Social ad behemoth insists what it does it okay ... and what others do is not

Meta Platforms has sued an Israel-based web scraping firm called Bright Data for scraping data from its Facebook and Instagram websites – even though Meta paid Bright Data to scrape data from other websites.

This legal battle kicked off earlier last month when the two companies in fact sued each other. Meta two months prior had sent a cease-and-desist letter to Bright Data demanding that it stop collecting what the scraping firm characterizes as public data.

Bright Data disagreed with Meta's interpretation of its data collection rights and the two then headed to court – Meta seeking to halt Bright Data's data harvesting, and Bright Data seeking declaratory judgment from the court that gathering publicly accessible data from Facebook's website is lawful.

Bright Data filed its complaint [PDF] under seal, having been unable to get an answer from Meta about maintaining confidentiality.

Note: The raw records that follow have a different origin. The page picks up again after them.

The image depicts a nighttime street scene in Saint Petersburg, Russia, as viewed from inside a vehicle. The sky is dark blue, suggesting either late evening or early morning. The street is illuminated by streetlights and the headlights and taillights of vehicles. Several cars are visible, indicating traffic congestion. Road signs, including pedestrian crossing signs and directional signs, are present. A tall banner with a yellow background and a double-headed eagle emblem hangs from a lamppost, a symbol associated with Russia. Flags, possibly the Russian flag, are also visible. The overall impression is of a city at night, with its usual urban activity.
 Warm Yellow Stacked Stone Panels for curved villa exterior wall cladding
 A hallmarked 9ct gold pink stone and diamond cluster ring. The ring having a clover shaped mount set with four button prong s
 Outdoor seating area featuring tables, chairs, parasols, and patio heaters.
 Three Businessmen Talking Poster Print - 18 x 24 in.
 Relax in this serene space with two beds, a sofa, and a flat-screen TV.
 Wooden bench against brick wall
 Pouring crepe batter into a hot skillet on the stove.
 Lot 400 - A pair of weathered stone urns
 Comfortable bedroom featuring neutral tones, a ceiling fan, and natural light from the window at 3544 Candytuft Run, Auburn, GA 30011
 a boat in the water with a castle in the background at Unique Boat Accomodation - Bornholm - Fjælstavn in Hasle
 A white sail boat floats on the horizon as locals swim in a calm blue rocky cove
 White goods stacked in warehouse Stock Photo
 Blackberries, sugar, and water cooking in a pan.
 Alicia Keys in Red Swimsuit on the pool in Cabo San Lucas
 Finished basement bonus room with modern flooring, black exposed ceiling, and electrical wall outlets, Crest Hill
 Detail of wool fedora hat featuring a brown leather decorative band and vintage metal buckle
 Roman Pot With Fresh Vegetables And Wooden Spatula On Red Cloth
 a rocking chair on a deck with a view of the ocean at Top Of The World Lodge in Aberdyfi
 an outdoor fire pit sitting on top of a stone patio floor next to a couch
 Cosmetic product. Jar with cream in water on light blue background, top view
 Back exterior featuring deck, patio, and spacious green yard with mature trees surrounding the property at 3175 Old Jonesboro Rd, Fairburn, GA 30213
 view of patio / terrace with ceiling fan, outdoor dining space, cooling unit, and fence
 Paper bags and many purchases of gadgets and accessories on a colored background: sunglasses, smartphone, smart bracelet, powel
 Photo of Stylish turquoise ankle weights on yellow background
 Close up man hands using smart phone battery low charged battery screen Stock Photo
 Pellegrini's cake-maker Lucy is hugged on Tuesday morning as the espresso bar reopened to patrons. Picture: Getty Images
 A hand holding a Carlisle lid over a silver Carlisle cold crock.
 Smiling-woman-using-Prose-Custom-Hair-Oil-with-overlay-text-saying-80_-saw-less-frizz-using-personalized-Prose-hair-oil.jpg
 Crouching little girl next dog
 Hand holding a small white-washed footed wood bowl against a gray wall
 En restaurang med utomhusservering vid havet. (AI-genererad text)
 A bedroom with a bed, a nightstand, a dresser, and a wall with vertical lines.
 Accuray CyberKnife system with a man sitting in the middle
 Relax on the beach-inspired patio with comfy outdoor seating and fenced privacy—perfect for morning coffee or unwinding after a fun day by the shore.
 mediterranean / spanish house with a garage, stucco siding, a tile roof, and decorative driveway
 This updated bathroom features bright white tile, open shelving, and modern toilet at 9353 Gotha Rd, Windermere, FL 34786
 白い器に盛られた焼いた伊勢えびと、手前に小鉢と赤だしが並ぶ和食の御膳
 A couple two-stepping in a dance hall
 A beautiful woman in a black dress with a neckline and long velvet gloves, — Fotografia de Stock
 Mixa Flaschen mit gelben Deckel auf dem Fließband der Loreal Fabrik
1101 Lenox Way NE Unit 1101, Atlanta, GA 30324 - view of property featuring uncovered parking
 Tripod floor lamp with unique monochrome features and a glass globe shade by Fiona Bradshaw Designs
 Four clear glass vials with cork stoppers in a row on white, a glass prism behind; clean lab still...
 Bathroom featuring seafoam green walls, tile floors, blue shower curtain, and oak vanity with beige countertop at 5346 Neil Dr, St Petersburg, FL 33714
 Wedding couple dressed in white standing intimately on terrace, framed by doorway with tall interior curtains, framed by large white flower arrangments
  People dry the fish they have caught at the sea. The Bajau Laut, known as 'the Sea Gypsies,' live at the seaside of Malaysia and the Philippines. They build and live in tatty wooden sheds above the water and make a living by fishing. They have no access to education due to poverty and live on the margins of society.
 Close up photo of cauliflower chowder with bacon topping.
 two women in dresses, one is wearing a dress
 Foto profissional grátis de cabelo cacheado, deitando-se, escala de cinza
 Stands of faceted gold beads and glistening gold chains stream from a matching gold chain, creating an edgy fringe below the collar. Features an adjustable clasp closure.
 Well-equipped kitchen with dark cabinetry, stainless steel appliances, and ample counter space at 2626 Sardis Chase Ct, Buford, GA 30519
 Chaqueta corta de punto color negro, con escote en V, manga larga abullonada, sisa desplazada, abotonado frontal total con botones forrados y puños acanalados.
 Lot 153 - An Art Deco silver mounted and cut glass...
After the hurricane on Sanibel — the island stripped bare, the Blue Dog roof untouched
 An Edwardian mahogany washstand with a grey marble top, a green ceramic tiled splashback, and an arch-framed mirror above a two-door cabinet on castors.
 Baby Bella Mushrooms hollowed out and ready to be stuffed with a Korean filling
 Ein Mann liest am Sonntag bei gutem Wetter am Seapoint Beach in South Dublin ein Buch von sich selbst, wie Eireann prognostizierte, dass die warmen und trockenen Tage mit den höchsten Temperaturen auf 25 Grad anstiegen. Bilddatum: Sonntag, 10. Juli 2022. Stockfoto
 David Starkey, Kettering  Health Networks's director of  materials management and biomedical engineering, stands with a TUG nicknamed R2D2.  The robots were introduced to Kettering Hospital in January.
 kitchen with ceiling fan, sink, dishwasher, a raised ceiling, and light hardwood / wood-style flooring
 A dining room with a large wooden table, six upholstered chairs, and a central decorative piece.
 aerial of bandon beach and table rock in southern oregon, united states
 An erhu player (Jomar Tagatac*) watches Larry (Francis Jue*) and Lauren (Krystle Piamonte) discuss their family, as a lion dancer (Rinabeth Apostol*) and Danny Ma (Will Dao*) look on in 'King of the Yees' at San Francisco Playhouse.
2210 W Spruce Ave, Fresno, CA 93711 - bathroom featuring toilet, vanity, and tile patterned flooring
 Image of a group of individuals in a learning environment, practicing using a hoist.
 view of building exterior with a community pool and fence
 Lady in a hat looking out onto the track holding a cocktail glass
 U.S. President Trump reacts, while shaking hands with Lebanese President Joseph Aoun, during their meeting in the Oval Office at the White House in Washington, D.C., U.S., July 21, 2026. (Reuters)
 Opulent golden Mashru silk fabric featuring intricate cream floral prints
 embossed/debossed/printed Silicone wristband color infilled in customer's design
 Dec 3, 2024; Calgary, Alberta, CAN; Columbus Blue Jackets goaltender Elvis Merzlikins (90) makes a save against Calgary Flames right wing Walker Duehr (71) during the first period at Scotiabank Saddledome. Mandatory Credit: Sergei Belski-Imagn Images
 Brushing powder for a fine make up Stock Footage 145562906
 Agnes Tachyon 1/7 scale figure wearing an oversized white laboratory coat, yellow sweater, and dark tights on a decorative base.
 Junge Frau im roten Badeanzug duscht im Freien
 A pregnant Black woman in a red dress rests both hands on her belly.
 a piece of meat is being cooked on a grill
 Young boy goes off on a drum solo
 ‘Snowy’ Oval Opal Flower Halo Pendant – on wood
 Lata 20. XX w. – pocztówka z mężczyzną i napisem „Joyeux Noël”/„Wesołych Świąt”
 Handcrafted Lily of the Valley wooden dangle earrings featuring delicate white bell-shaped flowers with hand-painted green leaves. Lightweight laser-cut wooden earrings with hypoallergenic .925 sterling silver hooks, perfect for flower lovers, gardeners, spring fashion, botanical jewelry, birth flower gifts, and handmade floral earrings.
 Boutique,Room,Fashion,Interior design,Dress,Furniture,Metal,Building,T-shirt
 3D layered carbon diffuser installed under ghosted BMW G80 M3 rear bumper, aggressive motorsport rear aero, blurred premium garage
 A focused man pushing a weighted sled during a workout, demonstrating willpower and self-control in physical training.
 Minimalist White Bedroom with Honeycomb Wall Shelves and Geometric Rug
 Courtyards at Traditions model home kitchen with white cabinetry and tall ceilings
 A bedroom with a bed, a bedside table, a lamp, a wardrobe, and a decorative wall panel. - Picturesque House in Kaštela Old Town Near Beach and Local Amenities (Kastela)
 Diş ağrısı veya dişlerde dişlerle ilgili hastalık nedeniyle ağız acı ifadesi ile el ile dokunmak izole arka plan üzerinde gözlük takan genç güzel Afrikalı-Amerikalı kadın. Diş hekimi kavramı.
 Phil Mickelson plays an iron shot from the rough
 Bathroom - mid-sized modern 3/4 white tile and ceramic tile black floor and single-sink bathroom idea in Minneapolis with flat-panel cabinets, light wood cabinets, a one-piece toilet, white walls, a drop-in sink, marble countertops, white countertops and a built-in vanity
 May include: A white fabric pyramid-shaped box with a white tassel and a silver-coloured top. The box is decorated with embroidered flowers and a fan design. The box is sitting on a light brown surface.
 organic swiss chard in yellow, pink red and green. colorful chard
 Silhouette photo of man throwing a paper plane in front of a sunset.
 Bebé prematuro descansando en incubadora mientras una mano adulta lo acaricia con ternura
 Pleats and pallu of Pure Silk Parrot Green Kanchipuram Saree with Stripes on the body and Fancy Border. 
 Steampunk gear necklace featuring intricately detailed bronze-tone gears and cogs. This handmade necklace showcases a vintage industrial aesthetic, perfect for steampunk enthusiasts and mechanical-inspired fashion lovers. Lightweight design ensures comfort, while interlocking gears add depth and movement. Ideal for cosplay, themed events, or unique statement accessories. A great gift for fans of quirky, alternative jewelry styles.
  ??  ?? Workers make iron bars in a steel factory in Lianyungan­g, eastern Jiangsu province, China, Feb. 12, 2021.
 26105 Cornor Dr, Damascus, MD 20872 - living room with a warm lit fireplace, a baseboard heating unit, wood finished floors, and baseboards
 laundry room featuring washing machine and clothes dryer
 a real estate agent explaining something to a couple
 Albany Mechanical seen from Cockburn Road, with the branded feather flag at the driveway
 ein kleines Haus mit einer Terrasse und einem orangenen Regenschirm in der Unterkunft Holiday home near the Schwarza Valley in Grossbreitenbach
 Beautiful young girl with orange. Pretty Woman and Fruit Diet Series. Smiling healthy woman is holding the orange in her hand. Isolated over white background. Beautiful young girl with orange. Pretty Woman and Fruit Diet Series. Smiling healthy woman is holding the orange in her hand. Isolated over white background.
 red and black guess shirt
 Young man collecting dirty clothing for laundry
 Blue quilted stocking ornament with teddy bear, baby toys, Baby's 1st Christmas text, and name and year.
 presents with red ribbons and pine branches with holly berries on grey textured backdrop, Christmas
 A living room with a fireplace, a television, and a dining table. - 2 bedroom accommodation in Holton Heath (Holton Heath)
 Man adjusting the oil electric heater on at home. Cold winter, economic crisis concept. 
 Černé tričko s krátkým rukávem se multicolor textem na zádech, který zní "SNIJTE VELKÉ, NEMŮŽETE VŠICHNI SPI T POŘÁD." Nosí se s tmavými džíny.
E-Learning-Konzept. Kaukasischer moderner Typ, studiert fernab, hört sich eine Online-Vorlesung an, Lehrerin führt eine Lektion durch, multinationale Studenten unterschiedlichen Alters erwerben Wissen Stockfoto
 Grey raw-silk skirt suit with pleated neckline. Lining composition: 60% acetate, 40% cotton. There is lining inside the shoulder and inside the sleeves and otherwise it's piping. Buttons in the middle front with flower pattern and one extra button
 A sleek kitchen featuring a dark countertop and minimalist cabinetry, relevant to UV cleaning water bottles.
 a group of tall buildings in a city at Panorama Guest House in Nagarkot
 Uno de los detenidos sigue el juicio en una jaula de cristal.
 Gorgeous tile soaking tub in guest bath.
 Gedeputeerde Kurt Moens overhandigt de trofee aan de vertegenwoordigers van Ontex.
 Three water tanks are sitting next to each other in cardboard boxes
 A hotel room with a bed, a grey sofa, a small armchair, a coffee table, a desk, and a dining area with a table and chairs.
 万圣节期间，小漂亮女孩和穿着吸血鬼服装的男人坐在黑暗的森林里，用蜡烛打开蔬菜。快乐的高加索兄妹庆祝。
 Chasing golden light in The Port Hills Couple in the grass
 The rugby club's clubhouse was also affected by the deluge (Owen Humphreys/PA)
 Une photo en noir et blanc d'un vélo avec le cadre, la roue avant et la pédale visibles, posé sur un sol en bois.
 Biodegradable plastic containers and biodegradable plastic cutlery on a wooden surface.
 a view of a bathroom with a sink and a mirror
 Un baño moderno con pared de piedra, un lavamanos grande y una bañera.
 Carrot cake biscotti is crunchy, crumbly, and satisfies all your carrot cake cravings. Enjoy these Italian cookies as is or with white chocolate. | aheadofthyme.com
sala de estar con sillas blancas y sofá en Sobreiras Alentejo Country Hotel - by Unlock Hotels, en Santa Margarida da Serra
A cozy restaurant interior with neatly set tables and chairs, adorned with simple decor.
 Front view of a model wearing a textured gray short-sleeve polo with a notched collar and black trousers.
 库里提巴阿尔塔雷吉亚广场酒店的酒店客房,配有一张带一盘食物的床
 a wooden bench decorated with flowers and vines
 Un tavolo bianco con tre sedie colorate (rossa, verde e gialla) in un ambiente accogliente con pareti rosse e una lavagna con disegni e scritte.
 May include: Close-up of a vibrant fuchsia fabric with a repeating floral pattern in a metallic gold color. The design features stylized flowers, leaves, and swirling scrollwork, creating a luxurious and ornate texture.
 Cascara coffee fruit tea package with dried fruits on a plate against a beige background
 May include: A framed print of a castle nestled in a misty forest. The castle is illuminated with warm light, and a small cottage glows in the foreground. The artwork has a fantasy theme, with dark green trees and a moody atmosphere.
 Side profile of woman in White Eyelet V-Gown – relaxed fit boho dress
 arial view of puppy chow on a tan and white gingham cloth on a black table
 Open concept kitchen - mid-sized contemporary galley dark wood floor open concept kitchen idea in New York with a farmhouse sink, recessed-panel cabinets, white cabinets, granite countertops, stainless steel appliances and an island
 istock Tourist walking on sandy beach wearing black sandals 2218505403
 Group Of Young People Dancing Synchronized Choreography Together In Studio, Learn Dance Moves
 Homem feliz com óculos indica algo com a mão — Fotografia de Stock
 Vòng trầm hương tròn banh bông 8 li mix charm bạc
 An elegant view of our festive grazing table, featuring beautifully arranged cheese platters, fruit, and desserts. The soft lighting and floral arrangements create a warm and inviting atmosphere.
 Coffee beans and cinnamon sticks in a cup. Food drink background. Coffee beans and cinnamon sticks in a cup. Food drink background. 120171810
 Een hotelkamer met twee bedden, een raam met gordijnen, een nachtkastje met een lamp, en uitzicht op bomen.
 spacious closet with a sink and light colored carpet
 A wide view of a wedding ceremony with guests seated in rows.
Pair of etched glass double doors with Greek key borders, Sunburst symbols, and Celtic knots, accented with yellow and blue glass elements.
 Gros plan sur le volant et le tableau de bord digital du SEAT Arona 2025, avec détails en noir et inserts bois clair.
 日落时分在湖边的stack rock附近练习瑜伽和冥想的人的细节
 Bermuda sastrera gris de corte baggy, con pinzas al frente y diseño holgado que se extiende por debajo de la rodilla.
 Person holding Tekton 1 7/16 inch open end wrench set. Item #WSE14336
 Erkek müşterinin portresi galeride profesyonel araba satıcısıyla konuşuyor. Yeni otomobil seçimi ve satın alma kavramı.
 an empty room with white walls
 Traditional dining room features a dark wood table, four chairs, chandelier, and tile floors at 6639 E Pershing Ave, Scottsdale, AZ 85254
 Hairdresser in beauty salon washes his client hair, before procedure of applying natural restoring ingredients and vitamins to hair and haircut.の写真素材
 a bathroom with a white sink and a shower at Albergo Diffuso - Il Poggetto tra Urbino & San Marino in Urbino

But Meta's own complaint [PDF], via its accompanying exhibits, ended up disclosing the information Bright Data had redacted, a message from Bright Data citing the business relationship between the two firms: "Meta has long been a valued client of our proxy and scraping services for at least the last six years."

Meta, when it operated as Facebook, made a habit of suing people accused of web scraping, and of blocking experts' access to Facebook data. It also, per prior court documents, operated a program called Project Lighthouse through which it obtained data from partners to augment its ad systems. Yet, the social ad biz turned VR shop paid Bright Data for the sort of data gathering it now asks the court to stop.

In short, Meta has managed to expose its habit of harvesting data from other websites by suing a company it hired to do just that on its behalf.

In response to the media spotting the legal wrangling, Meta communications director Andy Stone claimed: "Bright Data was stealing people’s personal info and selling it; that’s not okay and it violates our rules.

"By contrast, finding harmful websites and identifying phishing operations – what we did – is not only helpful but important for companies like us to do. Those two activities aren’t the same thing and it’s irresponsible to suggest that they are."

Facebook's rules, for what they're worth, allowed developers to access all sorts of Facebook user data before the Cambridge Analytica scandal came to light.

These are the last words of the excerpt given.